Hold on a second -- the internet is busy. You probably got a tweet and checked email during that sentence, so we'll do it again:
The HubSpot blogging team. Publishes (as in, launches to the world). Four times. Every. Single. Day.
Holy content, Batman! ...you might say if you were a total nerd who still owns his childhood Batman sheets.
Yes, that's a lot of content. But the approach below was CRITICAL to us maintaining that volume.
Working on the blog are four full-time marketers (a managing editor, a copy editor, a staff writer, and a senior strategist who oversees the marketing activities like subscriber growth, analytics, and more). HubSpot also benefits from dozens of employees internally and dozens of guest contributors externally all sending content their way.
So, needless to say, thinking up ideas isn’t exactly the issue (mostly). Organizing them, however, can get tricky, and so about a year ago, I sat down with the team and suggested Trello. What started as a simple, few-column layout exploded - for good reason - into what you see below. It’s super useful as it stands today, but keep in mind this is an organization publishing at scale. You should not feel compelled to be this comprehensive unless you're a larger organization.
As you can hopefully see, writers have at their disposal several long lists (which I shortened for illustrative purposes) of ideas. These ideas can be pulled into their individual named columns when they schedule their own work for the next couple weeks.
If we needed more ideas around a specific subject -- say, Google Analytics posts -- we'd brainstorm collectively. For the most part, however, these ideas were added on an ongoing basis, whenever something inspired us.
Dailybreak Content Team
For a couple years prior to HubSpot, I was director of content at Dailybreak, a startup which creates game-like, bite-sized contests and sweepstakes every day. Occasionally, these will be branded, making them "native advertising" only within the gaming and contest world, rather than blog posts like you'd find sponsored on BuzzFeed or The Atlantic.

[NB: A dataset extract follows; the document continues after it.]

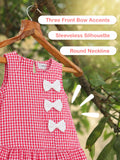 Girls Cotton Gingham Frock – Red Check Dress with White Bow Details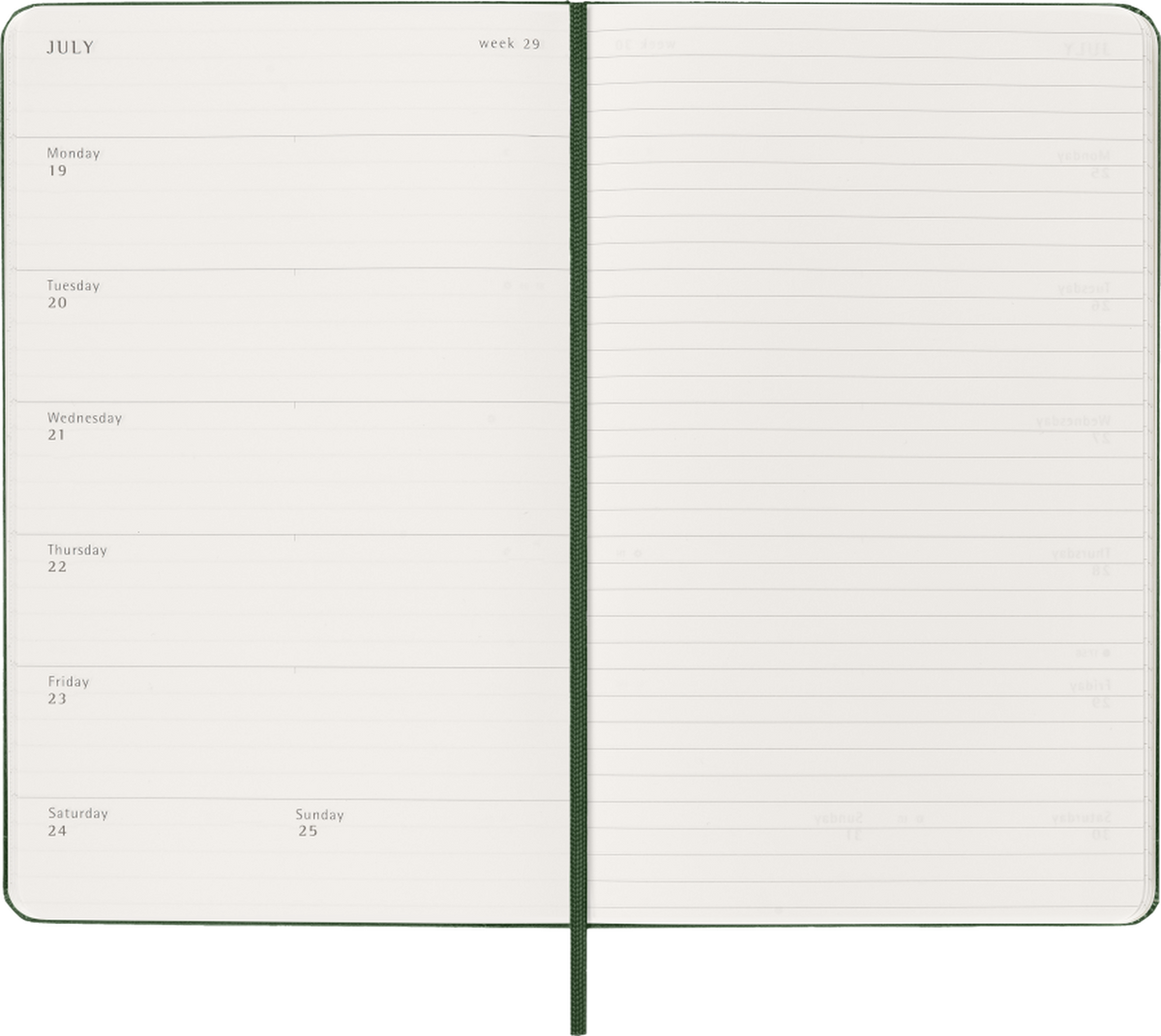Moleskine Agenda Settimanale 2027 12 Mesi Large Copertina Rigida Myrtle Green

With a team of three writers and three designers, we had to work hard to provide enough content to our destination site, dailybreak.com, as well as our mobile app AND any sponsored proposals we'd create. In this way, my team was similar to BOTH an editorial team, publishing daily content for our end users, and a creative agency, scoping and executing branded campaigns.
Unlike HubSpot, which targets marketers and salespeople, we could write about anything at Dailybreak -- any topic was safe. So we had to figure out a way to categorize and bucket things to save our brains from breaking.
Here's a look at how our Google spreadsheet was organized, starting with the tabs:
This is a look at the "Ideas to Use" tab - the main section of our idea pipeline:
The second tab was used to ensure a balance was achieved across all content tags. It'd look bad if a user filtered our content to something they were excited to consume (for example, Sports), only to find a dearth of content.
I created this tab when we realized certain topics were underserved compared to others, creating a lopsided experience for our users that skewed to whatever category WE wanted to create around, not what THEY wanted to consume. (And, because we were a startup, we didn't have the luxury of buying a CMS to help us manage our inventory, so we had to hack it like this.)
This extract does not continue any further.